Ok - I am not taking issue with him being outside but I think that you are wrong that being kept outside is needed to train the dog properly. Some lower drive dogs seem to need that deprivation to work but I think a lot of good working dogs live inside and are family dogs too. I do try to keep my dogs out a lot in the Summer. .... for temperature acclimitization.
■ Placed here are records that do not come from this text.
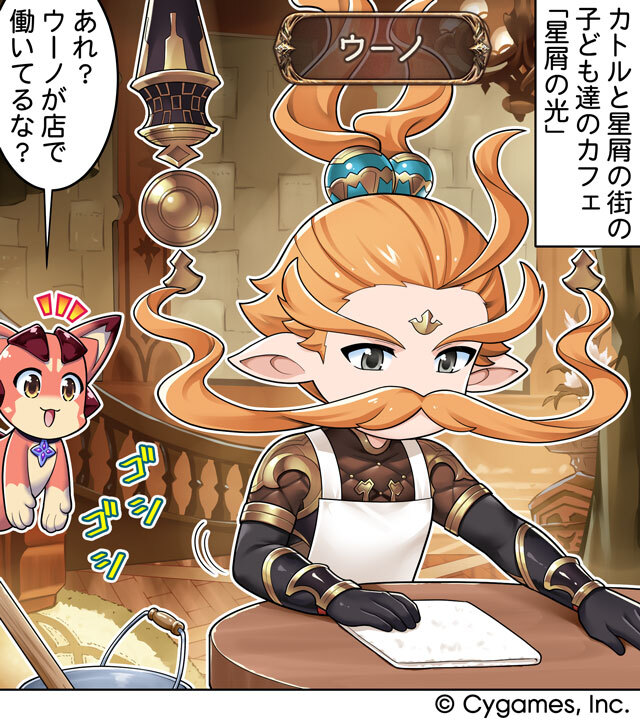 zx1552(ゲーム・雑談系Vtuber) (@ZX1552) / Posts / X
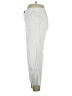 Unbranded Ivory Casual Pants Size 14 - photo 5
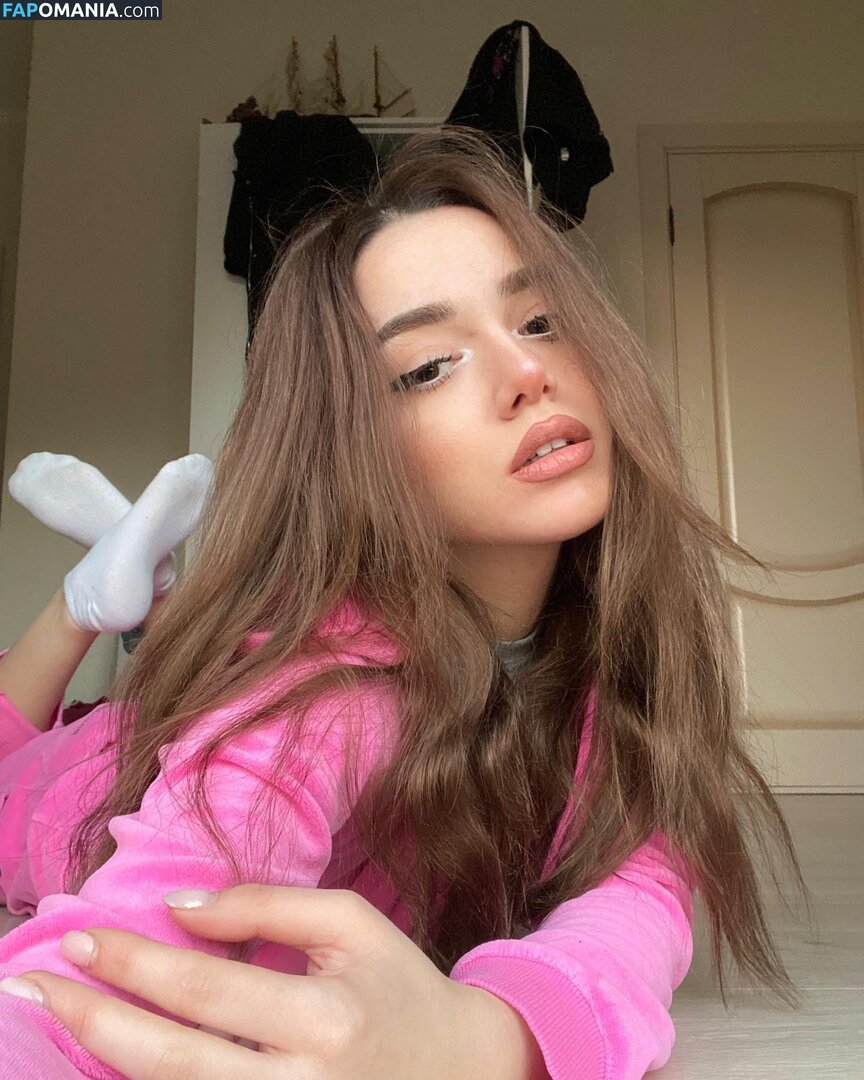 Maria Anroenko / marianroenko Nud OnlyFans  Fotografie scursă #14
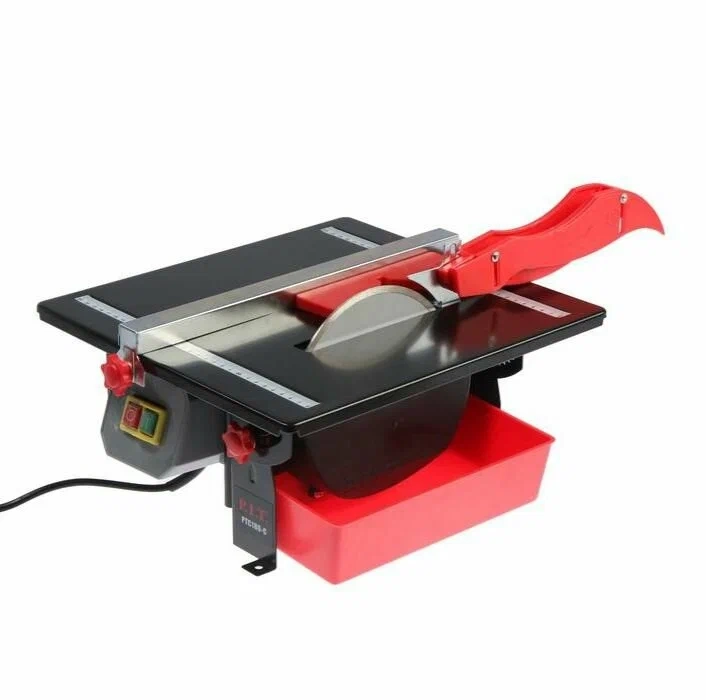 https://storage.alifshop.tj/media/images/alifshop/24078/plitkorez-elektricheskiy-p-i-t-ptc180-c-650vt-chernyy-1721715746886.webp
I do think the light welded wire and the exposed wood will create problems for you. Cattle panels may make more sense and you may want to look into them - they are 5 x 16 and can be cut with bolt cutters. My fence area is nowhere near as nice as yours and I found some woven horse fence that is a good bit heavier guage (got it cheap; someone ordered a 300' roll of black at tractor supply then did not get it) -- Of course my area is mainly to have a gravel place for mud-days and because the area around the back of the house - forget grass.


----------



## cowboy17 (Sep 26, 2011)

http://www.vangoghkennels.com/pb-htdocs/Adobe Files/house-kennel MA09.pdf

several opinions on the subject in this article, which helped me make my decision.

If for some reason, my posts suggest that the dog will be locked up outside and forgotten about, I am clearly not projecting myself well.

Keeping the dog outside also helps to manage the hair, the house cleaning required, and since my wife does massage from home, it minimizes the "evidence" that a dog lives there.

ALL of my dogs have been part of my family and, I assure you, this dog will be treated better than 95% of dogs out there.

BTW, the entire kennel is tarped in the winter to further protect from the elements.

Carm, where in Ontario are you?


----------



## NancyJ (Jun 15, 2003)

One deal with women escaping abusive relationships.

Bubba's probably got a gun or a knife....and will not be put off by a mere dog. A lowlife who can beat up a woman may well beat up a dog as some wire is loose in his head.

The dog would be a good alert dog but schutzhund training is not going to do much and for a PPD the person owning the dog needs to step up to the plate and know the training to maintain it..plus a liability and with kids...and probably she may be in an apartment etc. 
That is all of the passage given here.